Art appeals in hospitality

February 8th, 2012 by Susan Reynard | Categories: hotels, industry, people, restaurants, tourism

Artworks have long been a main feature across the hospitality industry. A current trend, seen at the new Pot Luck Club & Gallery restaurant in Cape Town and the Hyatt Regency Oubaai Golf Resort & Spa on the Garden Route is to host artists on a rotating basis. This keeps the artwork current and gives guests to the establishments added value as they get to experience the top quality artwork as well as hospitality offering.

South African born and internationally celebrated sculptor Anton Smit’s work is being exhibited at Hyatt Regency Oubaai Golf Resort & Spa in the heart of the Garden Route. The hotel’s location serves as an ideal backdrop for these works of art, like “Batsheba, the beloved one of David”, which looks like it is quietly contemplating the beautiful gardens and homes on the resort.

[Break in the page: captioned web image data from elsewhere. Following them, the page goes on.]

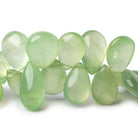 15-18mm Prehnite Plain Pear Beads 8 inch 41 pieces - Beadsofcambay.com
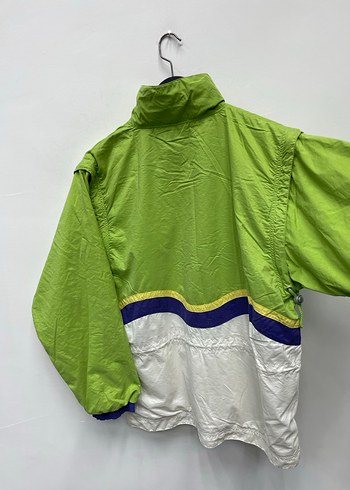 Erkek Yeşil Fermuarlı Rüzgarlık Kar Kayak İçin Uygun - Görsel 5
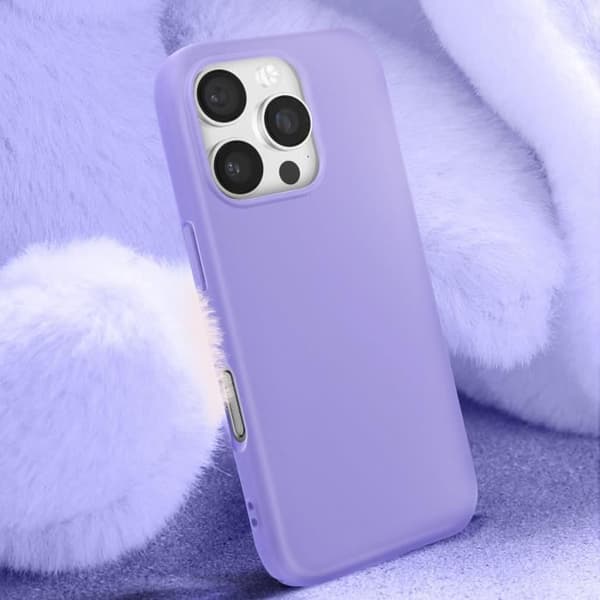 Coque för iPhone 16 Pro Max Semi-rigid Soft-touch Anti-spår Lila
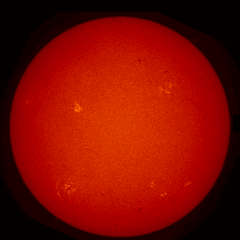 Image of Sun's chromosphere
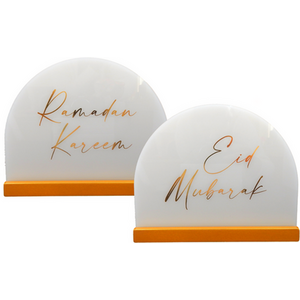 Acrylic Candle Plaque Display Celebration Bundle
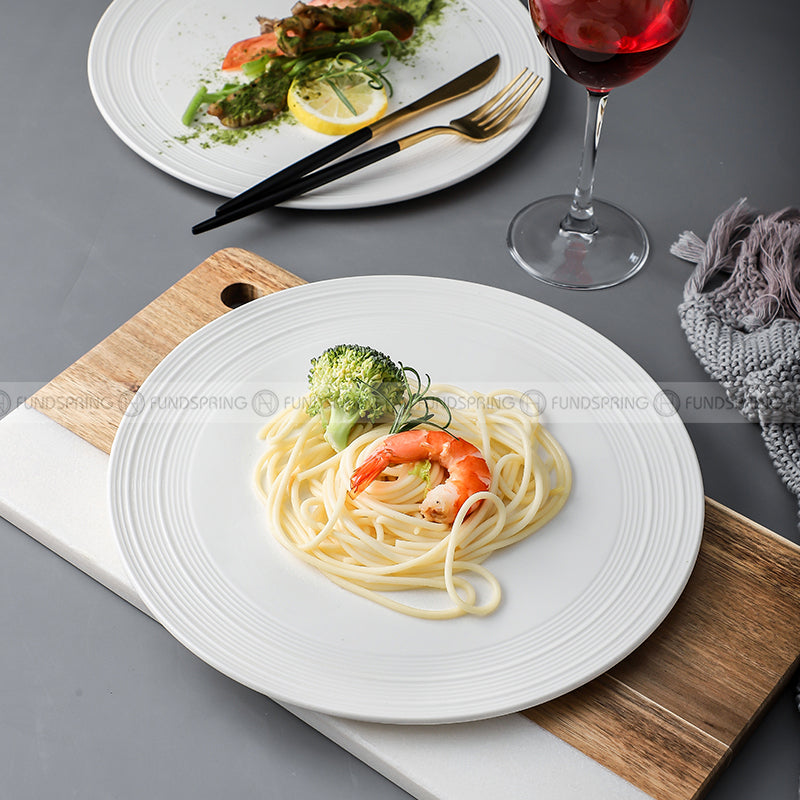 Elegant Ceramic Plates - Versatile Dinnerware Delight (10") Set of 2 Elegant Ceramic Plates - Versatile Dinnerware Delight (10") Set of 2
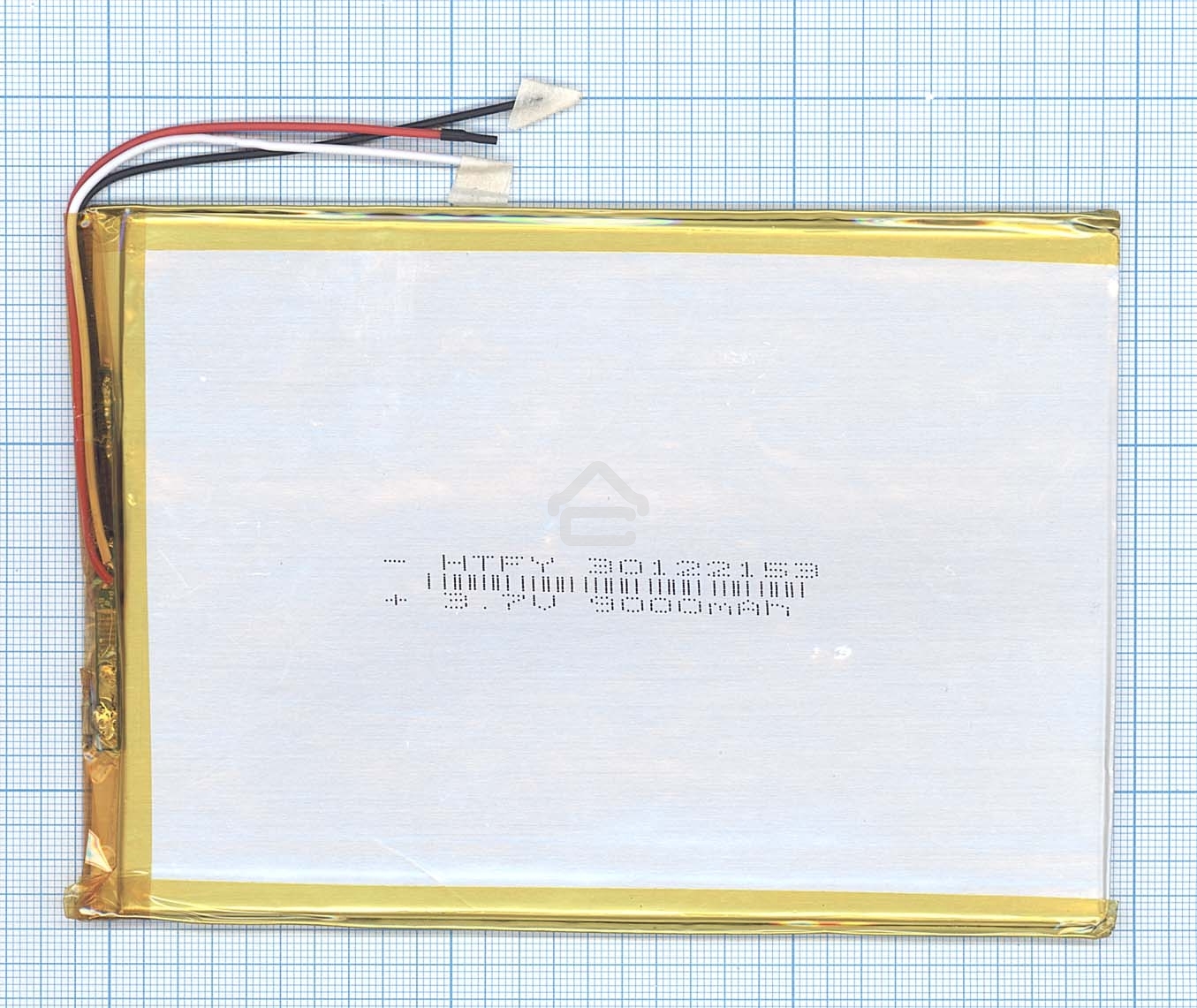 Аккумулятор Li-Pol (батарея) 3*122*153мм 3pin 3.7V/9000mAh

His works offer a sensory experience, as he combines enormous structural mastery to fine detail. Smit loves poetry and says his inspiration to create stems from looking to produce poetry of word and form, as man emulates and assimilates nature.

At the newly opened Pot Luck Club in Woodstock, Cape Town, artwork by Cape Town-based painter Peter Eastman is on display. He is inspired by early man fossil sites like Sterkfontein and his work includes a collection of semi-abstracted and reinterpreted landscapes. Eastman has spent time restoring antiquities and has exhibited locally and internationally in galleries and at art fairs. His work has been seen around Cape Town and Johannesburg as well as in the Netherlands, Switzerland and Italy.

The collection of works he is exhibiting at The Pot Luck Club & Gallery, “Buried in Black and White”, takes its title from the main painting triptych which features prominently. It depicts a path in a forest running past a fossil site where the sedimentary layers of rock have been exposed by natural weathering. Fragments lie strewn across the path which recedes into the distance. He explains that the process of making the painting mimicked, to some extent, the process of the burial and subsequent revealing of fossils over time due to the weathering process.